Tag Archives: pop gen

Understanding Genetic Drift with the help of R.

A long standing debate among evolutionary biologists concerns the contribution of genetic drift to evolving populations. Fisher and Wright were the first scientists with different opinions on this topic. The former was in favor of selection as major engine of population evolution, while the latter argued that genetic drift could have a paramount effect, especially in small populations.

What is genetic drift? Genetic drift is the random loss of genetic variability within populations, generation after generation. By “random” I mean that it is impossible (or almost impossible) to predict the directionality of this process (i.e. whether an allele will increase or reduce in frequency). This, though, doesn’t prevent us to try and quantify the effect of genetic drift on allele frequency. As we shall see, the size-effect of genetic drift is strictly dependent on population size.

Lets assume that we have a very large population. Individuals have been genotyped for a di-allelic locus (A and a). Turns out that the frequency of A is p = 0.5 and the frequency of a is, hence,  1 – p. One generation goes by. How big of allele frequency change we expect to see in this new generation? Lets try to work this out, and always remind that we are only looking at genetic drift and not considering any other evolutionary mechanism like selection or the insurgence of new mutations.
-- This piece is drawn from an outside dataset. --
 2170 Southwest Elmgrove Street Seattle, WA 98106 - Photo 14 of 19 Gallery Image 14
A different way to ask the above question is: what is the probability of having the exact same allele frequency in the new generation if we sample 2N individuals? (two indicates that we are working with a diploid species.)
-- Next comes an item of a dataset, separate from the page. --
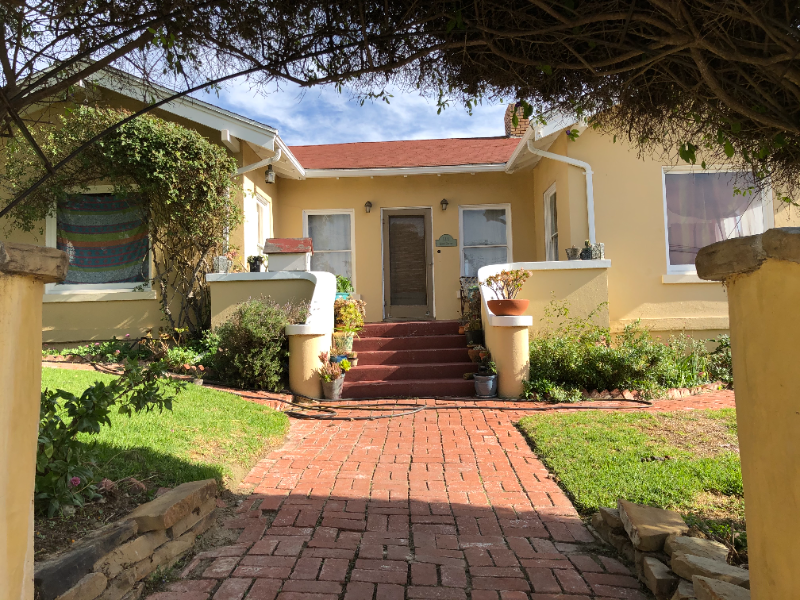 Ventura House: 144 Aliso St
For example, if we extract 50000 gametes, we need exactly 25000 of them to be A in order to maintain p = 0.5. This is a classical binomial example in that we only have two possible outcomes (allele A and a), the probability of each outcome stays the same every time we extract a gamete (we allow replacement), and every gamete extraction is independent from the next one. So, what is the probability that extracting 50000 gametes we get exactly 25000 successes, i.e. 25000 times allele A?  In R is actually pretty easy. The following code will calculate the binomial probability of having exactly 25000 successes over 50000 trials and giving a probability of success of 0.5.
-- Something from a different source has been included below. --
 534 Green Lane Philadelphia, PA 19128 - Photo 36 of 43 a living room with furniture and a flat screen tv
> dbinom(25000, 50000, 0.5)
[1] 0.00356823

Well. That probability is rather small. Would this change if we sample less individuals? We can try with ten, in which case we would need 5 A alleles to maintain p = 0.5

> dbinom(5, 10, 0.5)
[1] 0.2460938

According to the above data it seems that the smaller the number of individuals in the second generation, the higher the probability that we will have exactly the same allele frequency. This is only half the truth. That is, although the probability of maintaining p = 0.5  increases with a reduce number of individual, what changes is the variance around this frequency. Lets graph these results to have a better understanding of what I mean. Following is a little routine I wrote that will calculate a series of binomial probabilities and plots them against allele frequencies.

> k <- sort(c(2, 5, 10, 20, 50, 100, 500, 1000, 5000, 10000, 20000, 50000), decreasing = T)
> par(mfrow = c(3, 4))
> for (i in k) {
   y <- dbinom(0:i,i,0.5)
   x <- (seq(1,length(0:i)))/length(0:i)
   plot(x, y, xlim = c(0,1), col = "blue", ylab = "Probability", xlab = "Allele Frequency",
   main = paste("Probability Mass Function\n 0 < k <", i, ", p = 0.5"))
   abline(v = 0.5, lty = 2, lwd = 3,col = "red")

The output is this nice collection of bell curves. From top left to bottom right we are varying sample sizes.

K denotes number of successes

These graphs should tell us two very important things. First, no matter how big the sample, there will always be a randomly associated change in allele frequency. Second, the magnitude of this change (the width of the bell curve) grows with smaller sample sizes.

So, this is why genetic drift is supposedly considered a much stronger evolutionary agent in small populations, where the fluctuations of allele frequency is going to be rather large and could bring alleles to fixation or lost in a small number of generations.